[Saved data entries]
━━━━━━━━━━━━━━━━

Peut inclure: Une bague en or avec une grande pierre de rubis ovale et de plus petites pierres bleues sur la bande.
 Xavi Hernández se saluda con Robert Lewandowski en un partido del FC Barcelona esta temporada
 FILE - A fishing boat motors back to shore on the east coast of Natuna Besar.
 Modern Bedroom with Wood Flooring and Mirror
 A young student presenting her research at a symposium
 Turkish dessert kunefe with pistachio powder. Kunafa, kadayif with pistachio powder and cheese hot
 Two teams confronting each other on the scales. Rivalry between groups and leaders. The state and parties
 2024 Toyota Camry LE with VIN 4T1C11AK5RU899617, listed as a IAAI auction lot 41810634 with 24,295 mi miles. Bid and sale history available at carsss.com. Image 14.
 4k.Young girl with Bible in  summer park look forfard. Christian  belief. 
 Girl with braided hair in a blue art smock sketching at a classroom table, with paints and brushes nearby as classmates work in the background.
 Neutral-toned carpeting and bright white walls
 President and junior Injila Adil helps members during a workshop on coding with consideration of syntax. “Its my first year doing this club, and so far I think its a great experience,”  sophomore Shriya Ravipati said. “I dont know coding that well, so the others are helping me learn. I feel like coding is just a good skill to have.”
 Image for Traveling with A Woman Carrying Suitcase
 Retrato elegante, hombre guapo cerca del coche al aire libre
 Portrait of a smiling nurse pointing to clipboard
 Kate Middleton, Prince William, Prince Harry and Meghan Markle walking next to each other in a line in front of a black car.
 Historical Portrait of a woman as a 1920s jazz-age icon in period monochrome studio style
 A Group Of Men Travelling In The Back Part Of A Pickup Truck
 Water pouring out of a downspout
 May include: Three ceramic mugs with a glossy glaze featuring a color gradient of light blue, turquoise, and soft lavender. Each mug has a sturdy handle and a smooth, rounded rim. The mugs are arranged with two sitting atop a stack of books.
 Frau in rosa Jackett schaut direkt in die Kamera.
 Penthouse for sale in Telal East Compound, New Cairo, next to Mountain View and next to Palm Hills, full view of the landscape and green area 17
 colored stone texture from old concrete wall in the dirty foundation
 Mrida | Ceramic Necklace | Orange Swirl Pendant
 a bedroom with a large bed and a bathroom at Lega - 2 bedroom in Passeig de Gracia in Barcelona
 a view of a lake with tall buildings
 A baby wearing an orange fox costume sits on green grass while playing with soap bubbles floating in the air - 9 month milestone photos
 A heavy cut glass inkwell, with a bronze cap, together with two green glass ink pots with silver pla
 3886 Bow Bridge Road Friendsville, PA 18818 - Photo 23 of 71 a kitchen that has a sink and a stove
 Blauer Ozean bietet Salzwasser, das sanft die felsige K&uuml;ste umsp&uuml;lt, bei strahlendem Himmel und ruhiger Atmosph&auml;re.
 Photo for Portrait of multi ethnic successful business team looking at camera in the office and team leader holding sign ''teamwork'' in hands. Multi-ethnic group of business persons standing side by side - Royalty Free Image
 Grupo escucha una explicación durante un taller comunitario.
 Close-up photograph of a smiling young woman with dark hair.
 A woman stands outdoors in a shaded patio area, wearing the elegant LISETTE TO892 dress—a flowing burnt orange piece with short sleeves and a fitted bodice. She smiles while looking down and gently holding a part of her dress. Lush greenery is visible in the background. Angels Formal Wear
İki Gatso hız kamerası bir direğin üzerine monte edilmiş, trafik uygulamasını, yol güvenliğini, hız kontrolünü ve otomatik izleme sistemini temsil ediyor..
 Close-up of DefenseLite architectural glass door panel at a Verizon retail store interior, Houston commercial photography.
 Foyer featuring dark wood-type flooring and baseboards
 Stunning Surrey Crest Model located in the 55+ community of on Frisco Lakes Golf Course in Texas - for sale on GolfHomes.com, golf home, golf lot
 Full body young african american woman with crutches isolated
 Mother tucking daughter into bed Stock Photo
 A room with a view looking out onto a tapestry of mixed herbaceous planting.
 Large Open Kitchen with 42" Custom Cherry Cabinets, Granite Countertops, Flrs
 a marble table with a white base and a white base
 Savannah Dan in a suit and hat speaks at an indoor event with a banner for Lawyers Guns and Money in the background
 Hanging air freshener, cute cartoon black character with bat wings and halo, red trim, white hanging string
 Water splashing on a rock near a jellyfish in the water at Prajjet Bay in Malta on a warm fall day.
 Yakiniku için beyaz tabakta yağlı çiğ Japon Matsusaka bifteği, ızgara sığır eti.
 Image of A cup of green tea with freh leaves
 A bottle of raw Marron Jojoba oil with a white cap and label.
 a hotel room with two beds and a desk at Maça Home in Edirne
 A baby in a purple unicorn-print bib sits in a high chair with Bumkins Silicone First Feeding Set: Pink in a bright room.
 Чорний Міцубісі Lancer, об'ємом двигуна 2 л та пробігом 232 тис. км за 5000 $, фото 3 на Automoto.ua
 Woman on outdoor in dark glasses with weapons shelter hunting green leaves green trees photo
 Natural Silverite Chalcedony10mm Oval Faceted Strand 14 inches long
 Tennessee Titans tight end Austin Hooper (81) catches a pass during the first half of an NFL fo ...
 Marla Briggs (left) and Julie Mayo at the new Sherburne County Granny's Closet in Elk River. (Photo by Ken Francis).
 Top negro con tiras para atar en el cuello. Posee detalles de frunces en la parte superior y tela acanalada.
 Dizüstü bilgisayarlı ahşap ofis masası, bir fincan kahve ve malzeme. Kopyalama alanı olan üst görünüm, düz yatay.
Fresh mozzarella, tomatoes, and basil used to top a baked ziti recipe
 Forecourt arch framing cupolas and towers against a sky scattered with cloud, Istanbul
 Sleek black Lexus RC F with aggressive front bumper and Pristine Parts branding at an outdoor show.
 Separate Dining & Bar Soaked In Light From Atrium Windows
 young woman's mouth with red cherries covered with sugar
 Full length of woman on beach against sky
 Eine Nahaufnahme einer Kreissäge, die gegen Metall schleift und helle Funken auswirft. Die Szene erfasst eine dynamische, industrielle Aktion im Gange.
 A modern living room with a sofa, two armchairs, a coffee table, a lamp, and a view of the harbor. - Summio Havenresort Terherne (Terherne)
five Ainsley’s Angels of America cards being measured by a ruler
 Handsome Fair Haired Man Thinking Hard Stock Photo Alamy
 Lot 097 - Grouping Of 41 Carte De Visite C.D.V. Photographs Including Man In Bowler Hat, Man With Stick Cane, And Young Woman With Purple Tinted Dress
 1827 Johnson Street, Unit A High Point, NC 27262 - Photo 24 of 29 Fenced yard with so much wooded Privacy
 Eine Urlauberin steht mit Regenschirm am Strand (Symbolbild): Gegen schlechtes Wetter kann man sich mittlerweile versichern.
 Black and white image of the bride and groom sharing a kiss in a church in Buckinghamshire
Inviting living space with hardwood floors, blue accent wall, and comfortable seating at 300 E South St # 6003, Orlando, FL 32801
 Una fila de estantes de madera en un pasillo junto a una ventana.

━━━━━━━━━━━━━━━━

◆ Task description ◆
Reproduce exactly the lines above from the line with "Sleek black Lexus" to the line with "Lot 097 - Grouping", including both, and add nothing.

◆ Response area ◆
 Sleek black Lexus RC F with aggressive front bumper and Pristine Parts branding at an outdoor show.
 Separate Dining & Bar Soaked In Light From Atrium Windows
 young woman's mouth with red cherries covered with sugar
 Full length of woman on beach against sky
 Eine Nahaufnahme einer Kreissäge, die gegen Metall schleift und helle Funken auswirft. Die Szene erfasst eine dynamische, industrielle Aktion im Gange.
 A modern living room with a sofa, two armchairs, a coffee table, a lamp, and a view of the harbor. - Summio Havenresort Terherne (Terherne)
five Ainsley’s Angels of America cards being measured by a ruler
 Handsome Fair Haired Man Thinking Hard Stock Photo Alamy
 Lot 097 - Grouping Of 41 Carte De Visite C.D.V. Photographs Including Man In Bowler Hat, Man With Stick Cane, And Young Woman With Purple Tinted Dress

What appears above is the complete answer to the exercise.